## Task goal
For the records below, copy exactly the span that begins at the line containing "Two women are" and stops after the line containing "a spacious bathroom", minus any pictures.

--------------------------------------------------

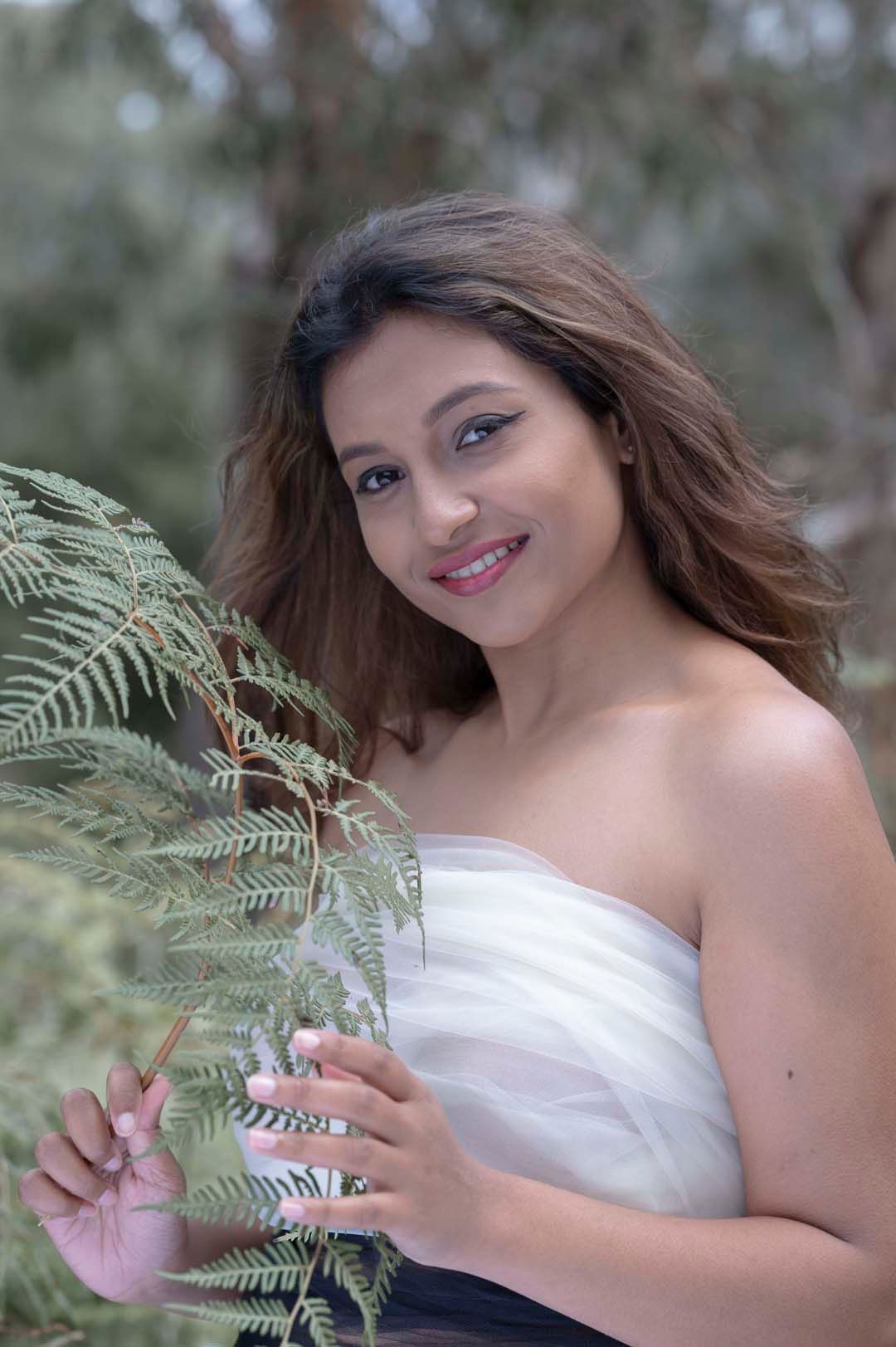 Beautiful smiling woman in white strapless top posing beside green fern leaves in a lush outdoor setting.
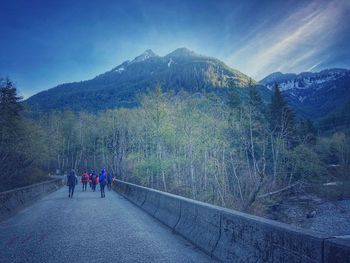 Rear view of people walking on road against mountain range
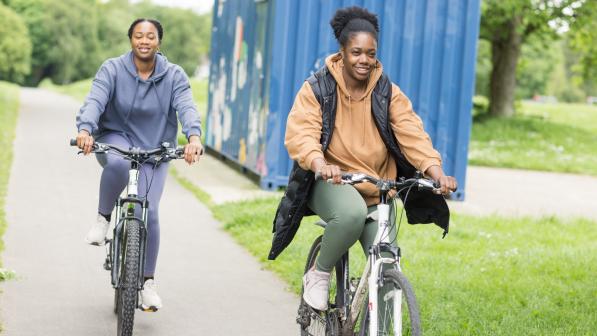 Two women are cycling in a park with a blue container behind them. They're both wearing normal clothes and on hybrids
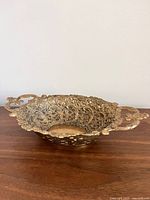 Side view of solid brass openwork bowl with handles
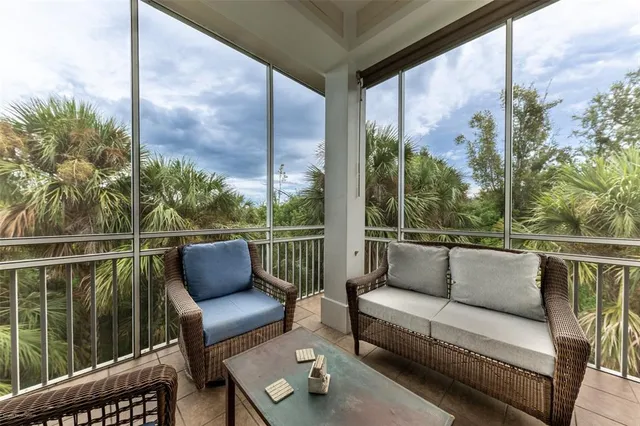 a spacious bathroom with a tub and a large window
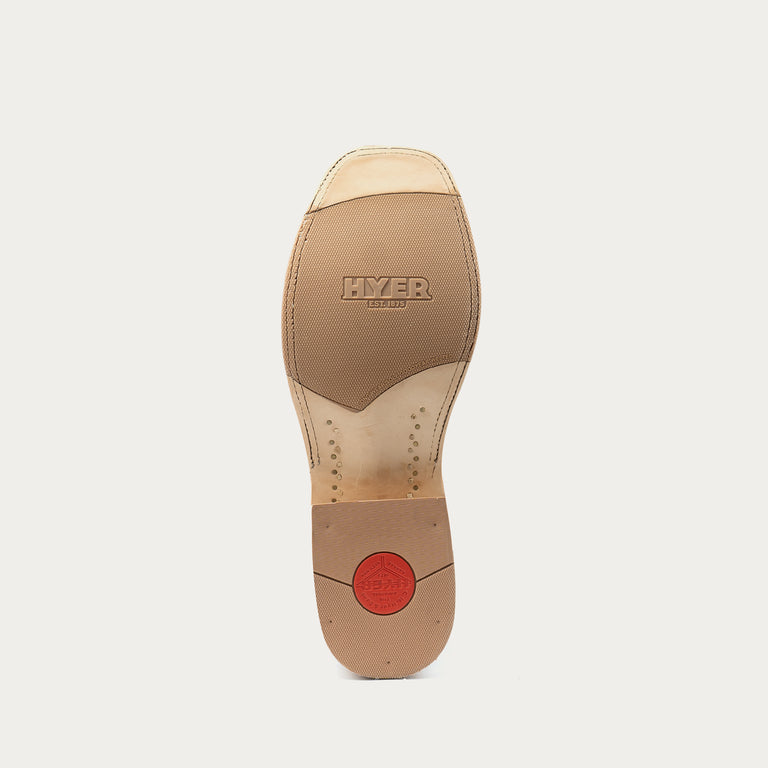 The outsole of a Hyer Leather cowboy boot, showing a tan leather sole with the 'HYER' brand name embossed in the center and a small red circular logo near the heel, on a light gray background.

--------------------------------------------------

## Task result
 Two women are cycling in a park with a blue container behind them. They're both wearing normal clothes and on hybrids
 Side view of solid brass openwork bowl with handles
 a spacious bathroom with a tub and a large window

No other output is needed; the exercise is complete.